### [DATA PROVIDED]

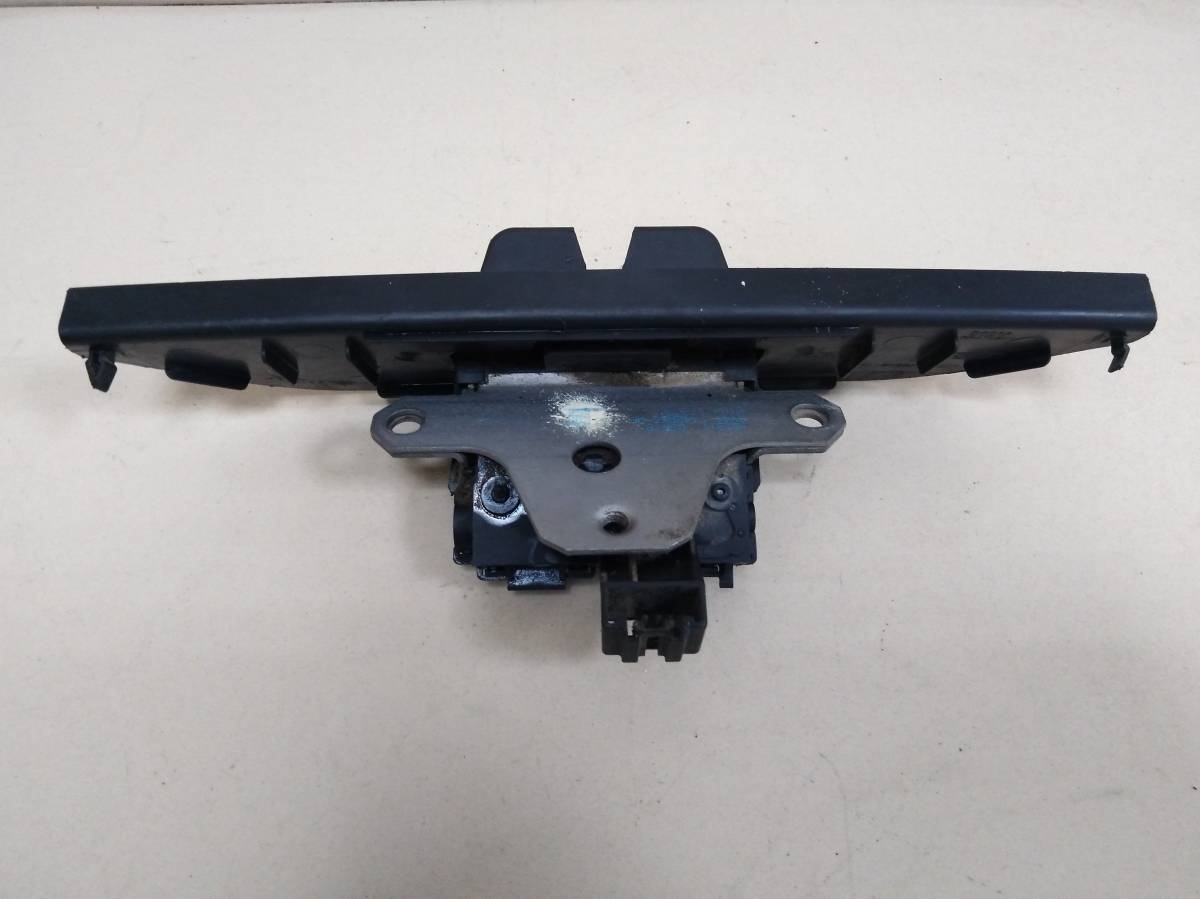 Замок багажника Ford Kuga (DR) 2008-2013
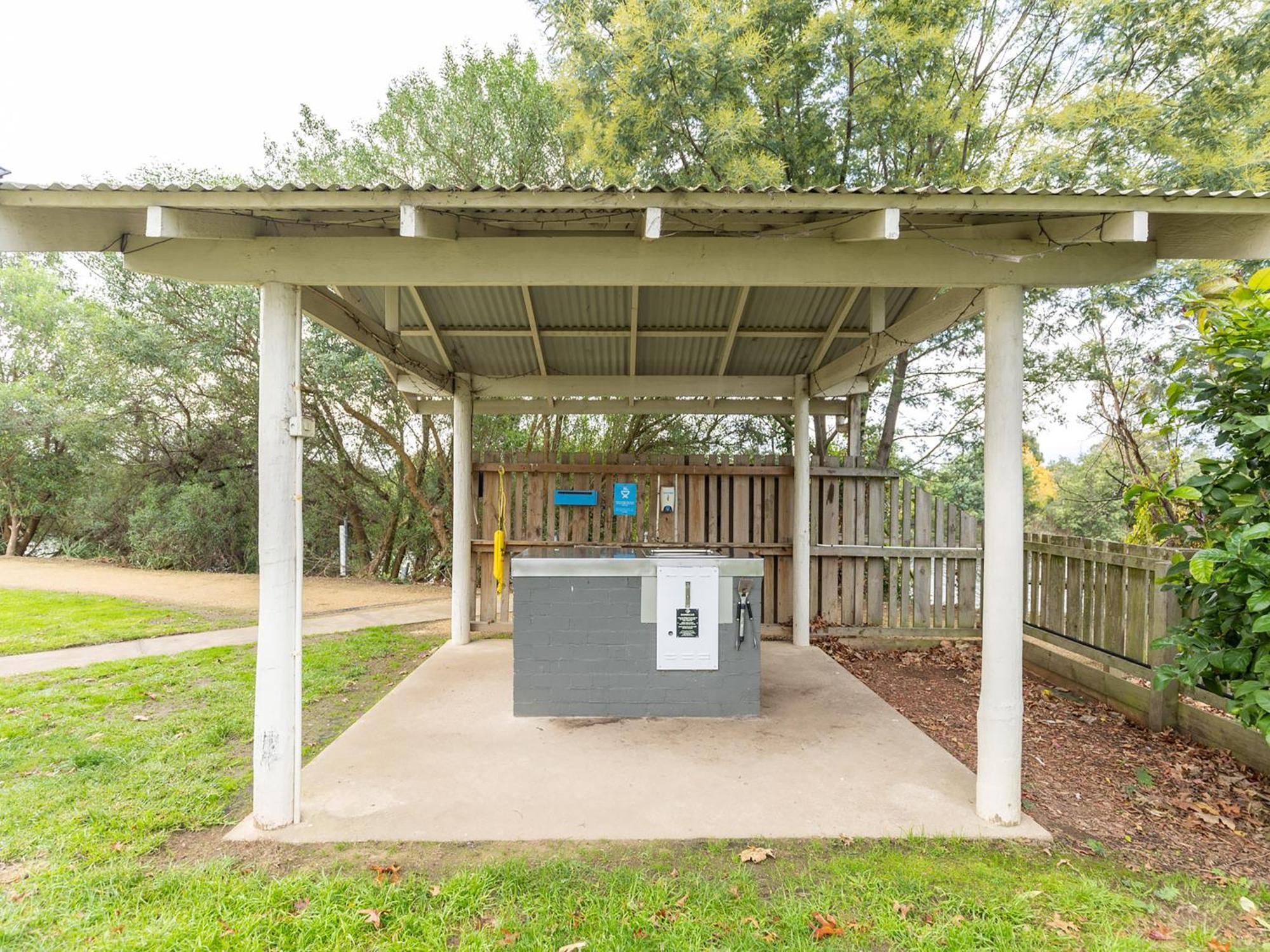 Nrma Bairnsdale Riverside Holiday Park ภายนอก รูปภาพ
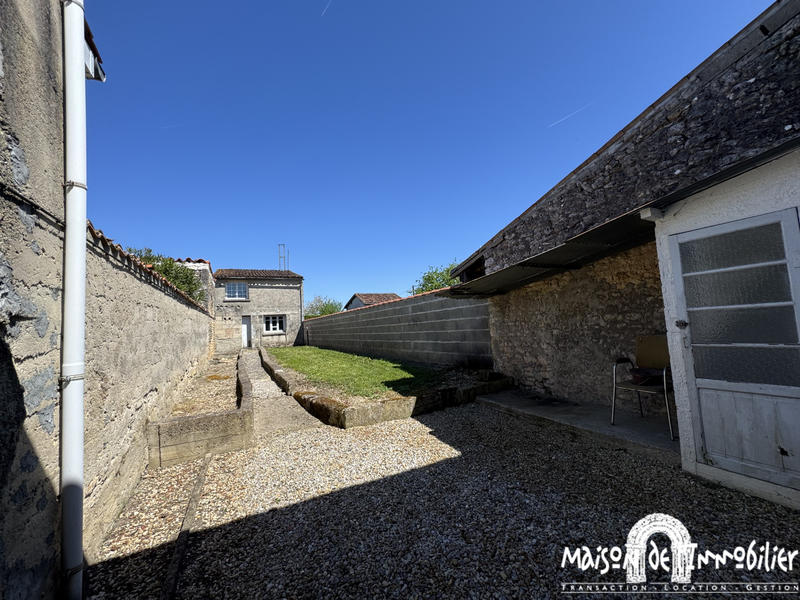 Maison - 93 m² - 4 pièces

### [TASK STATEMENT]
Give back the material above exactly, without pictures.

### [THE ANSWER]
 Замок багажника Ford Kuga (DR) 2008-2013
 Nrma Bairnsdale Riverside Holiday Park ภายนอก รูปภาพ
 Maison - 93 m² - 4 pièces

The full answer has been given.